The European Commission revealed at Monday night’s (15 July) Fish Council talks in Brussels that they will quickly implement sanctions unless the Faroese cease fishing for herring and bring forward a suitable plan for sustainable fishing of the stock. The Commission also confirmed they will now bring forward similar measures against Iceland on mackerel, which it says will be outlined to Member States in due course.
Earlier this year the Faroes stepped outside the long standing agreed management arrangement for the herring stock and set a quota share more than three times larger than their traditional share (from 31,940t to 105,000t). In response to this massive unilateral quota increase, the Marine Stewardship Council recently suspended the MSC eco-label certificate for the Faroese Atlantic herring fishery.
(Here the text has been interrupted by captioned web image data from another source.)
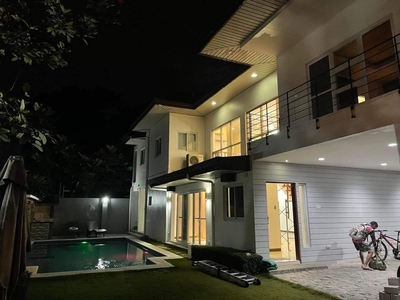 Family House For Rent Located in AFPHOVAI TAGUIG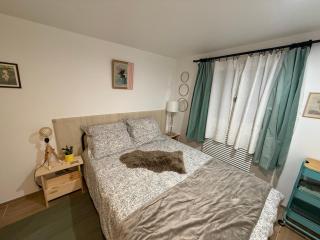 Chambre pour 2 personnes, forêt, piscine - 4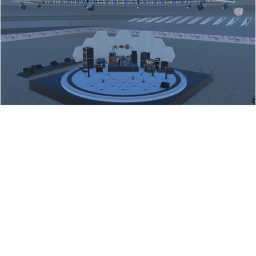 Roblox Astrodome 1995,  Houston TX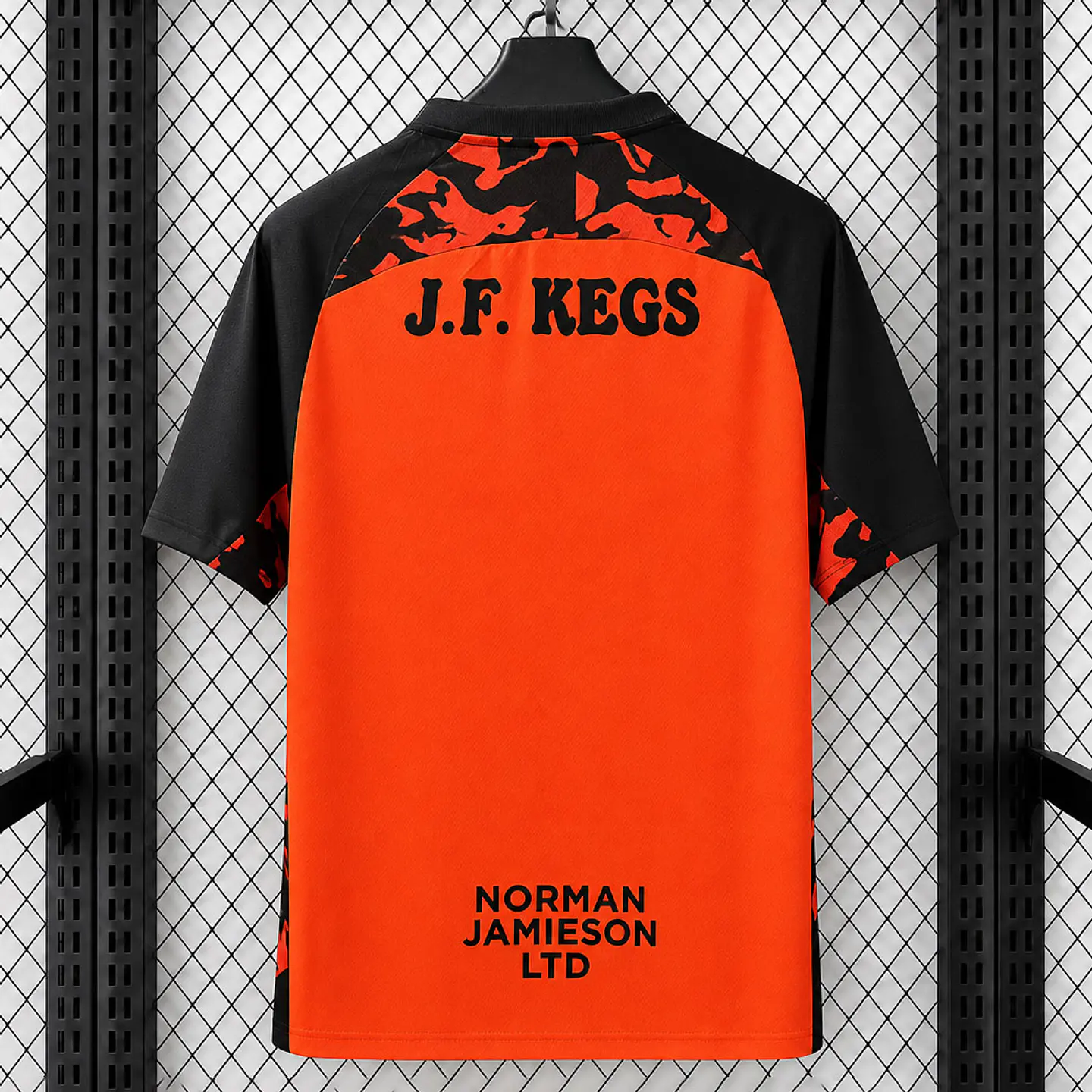 Camisola Dundee United I 26/27 2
Ian Gatt, chief executive of the Scottish Pelagic Fishermen’s Association said: “This is welcome news and we are pleased the EC has given its commitment to deliver firm action. The irresponsible behaviour of both Faroes and Iceland in their over-fishing of key stocks cannot be allowed to continue. Their actions are threatening the sustainability of important herring and mackerel fisheries, as well as the livelihoods of fishing communities in northern Europe.
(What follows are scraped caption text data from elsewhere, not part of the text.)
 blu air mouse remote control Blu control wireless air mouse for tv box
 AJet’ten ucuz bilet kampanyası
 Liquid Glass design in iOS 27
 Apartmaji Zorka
“Hopefully, this new action announced by the EC will provide the spur for both Iceland and the Faroes to return to the negotiating table and so that we can reach a fair and equitable deal.”
Irish Fisheries Minister, Simon Coveney said: “I called for and secured the agreement of Commissioner Damanaki that the EU will immediately prepare for trade restrictions against Iceland and the Faroe Islands. I received strong support from many Member States including the UK, France, Spain, Portugal, the Netherlands. Both Iceland and the Faroes have repeatedly refused to engage in any meaningful negotiations with the EU and Norway over the past five years. This is simply unacceptable as they are now fishing over 50 per cent of the scientifically recommended catch level for mackerel. I am pleased that the Commissioner and most Member States supported moving quickly during this fishing season to take strong and decisive measures. We have been left with no choice and must act against these countries being rewarded by their unsustainable and irresponsible behaviour. I regret that we have been forced to take this action but the continued absence of any meaningful attempt to negotiate by either country has left us with no alternative.”
For mackerel, Iceland has set an autonomous mackerel quota for 2013 of 123,000t or 22.7 per cent of the science based 2013 TAC (total allowable catch) while the Faroe Islands has set an autonomous mackerel quota of 159,000t or 29.3 per cent of the 2013 TAC. This means that in 2013 both countries will catch 52 per cent of the overall 2013 TAC, whereas only as recently as 2006 their joint share in the mackerel catches was just over five per cent.